— Instructions for the task —
The entries that follow include a run beginning at the line with "5'X5' Ivory Nain" and ending at the line with "Photo de Église"; restate that run word for word and leave the rest out.

:::::

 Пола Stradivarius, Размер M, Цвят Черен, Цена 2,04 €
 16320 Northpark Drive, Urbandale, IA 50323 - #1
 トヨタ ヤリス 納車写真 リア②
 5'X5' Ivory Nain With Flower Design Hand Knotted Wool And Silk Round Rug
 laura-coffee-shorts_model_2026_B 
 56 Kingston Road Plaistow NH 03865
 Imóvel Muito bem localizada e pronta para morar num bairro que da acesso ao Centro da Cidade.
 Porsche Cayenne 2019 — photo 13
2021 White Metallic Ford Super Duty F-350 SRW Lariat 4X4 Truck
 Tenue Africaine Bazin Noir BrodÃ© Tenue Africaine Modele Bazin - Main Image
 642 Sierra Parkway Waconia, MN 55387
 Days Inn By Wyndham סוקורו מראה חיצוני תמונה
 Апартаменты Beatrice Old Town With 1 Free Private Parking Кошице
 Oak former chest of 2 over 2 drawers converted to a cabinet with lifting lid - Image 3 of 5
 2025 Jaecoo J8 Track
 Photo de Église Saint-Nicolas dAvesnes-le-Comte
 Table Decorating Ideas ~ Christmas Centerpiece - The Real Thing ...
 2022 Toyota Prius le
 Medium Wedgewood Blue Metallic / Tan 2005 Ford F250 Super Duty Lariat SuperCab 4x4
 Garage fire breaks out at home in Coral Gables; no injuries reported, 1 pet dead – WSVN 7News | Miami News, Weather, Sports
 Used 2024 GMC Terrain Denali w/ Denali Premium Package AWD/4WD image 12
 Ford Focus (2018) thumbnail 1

:::::

— Task result —
 5'X5' Ivory Nain With Flower Design Hand Knotted Wool And Silk Round Rug
 laura-coffee-shorts_model_2026_B 
 56 Kingston Road Plaistow NH 03865
 Imóvel Muito bem localizada e pronta para morar num bairro que da acesso ao Centro da Cidade.
 Porsche Cayenne 2019 — photo 13
2021 White Metallic Ford Super Duty F-350 SRW Lariat 4X4 Truck
 Tenue Africaine Bazin Noir BrodÃ© Tenue Africaine Modele Bazin - Main Image
 642 Sierra Parkway Waconia, MN 55387
 Days Inn By Wyndham סוקורו מראה חיצוני תמונה
 Апартаменты Beatrice Old Town With 1 Free Private Parking Кошице
 Oak former chest of 2 over 2 drawers converted to a cabinet with lifting lid - Image 3 of 5
 2025 Jaecoo J8 Track
 Photo de Église Saint-Nicolas dAvesnes-le-Comte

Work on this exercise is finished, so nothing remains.